Débarras, nettoyage, désinfection : les étapes
Rendre un logement de nouveau louable suit une logique simple, étape par étape :
- Le débarras des encombrants et des affaires laissées sur place, avec tri des objets à conserver et remise à la famille de ce qui compte.
- Un nettoyage en profondeur des sols, murs, sanitaires et cuisine.
- Une désinfection lorsque l’état du logement le justifie : odeurs imprégnées, souillures, passage de nuisibles.
- Le traitement des points sensibles : humidité et moisissures, ou présence de nuisibles à faire disparaître.
Une fois ces étapes menées, le logement retrouve un état sain, présentable et conforme, prêt pour une nouvelle location ou une mise en vente.
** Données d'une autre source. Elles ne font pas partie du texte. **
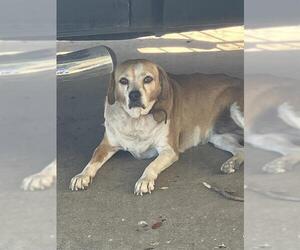 Beagle-Unknown Mix Dogs for adoption in San Antonio, TX, USA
Cas fréquents : héritage, départ de locataire, logement encombré
La remise en état concerne souvent trois situations : un bien reçu en héritage et resté longtemps inoccupé, un logement rendu par un locataire dans un état très dégradé, ou un logement lourdement encombré (accumulation, situation de type syndrome de Diogène). Dans tous les cas, l’enjeu est le même : agir avec méthode et discrétion pour retrouver un logement sain, sans jugement pour les personnes concernées.
Des aides pour financer les travaux ?
Si l’autorisation est conditionnée à des travaux, plusieurs dispositifs peuvent aider les propriétaires bailleurs à financer une remise aux normes : les aides de l’ANAH pour la rénovation de logements dégradés, l’accompagnement gratuit du réseau France Rénov’ (relayé localement par le service AMELIO de la MEL), et selon les situations, certaines aides locales. Ces dispositifs concernent les travaux de fond (humidité, sécurité, énergie), pas le nettoyage ou le débarras, mais ils s’inscrivent souvent dans le même chantier de remise en état.
Les bons interlocuteurs dans la métropole
Pour y voir clair, plusieurs ressources gratuites existent près de chez vous :
- La mairie de la commune concernée, guichet de dépôt des demandes.
- La MEL et son téléservice en ligne, pour vérifier une adresse et déposer le dossier.
- L’ADIL du Nord (Agence départementale d’information sur le logement), pour un conseil juridique gratuit et indépendant.
- Signal-Logement, la plateforme publique pour signaler un logement dégradé – la MEL a été l’une des premières collectivités à la déployer.
Ressources officielles
- lillemetropole.fr/permis-de-louer : le dispositif, les communes concernées et le téléservice de la MEL.
- service-public.fr : la fiche officielle sur l’autorisation de mise en location.
- ANIL / ADIL : information gratuite sur vos droits et obligations de bailleur.
- signal-logement.beta.gouv.fr : pour signaler un logement indigne ou non décent.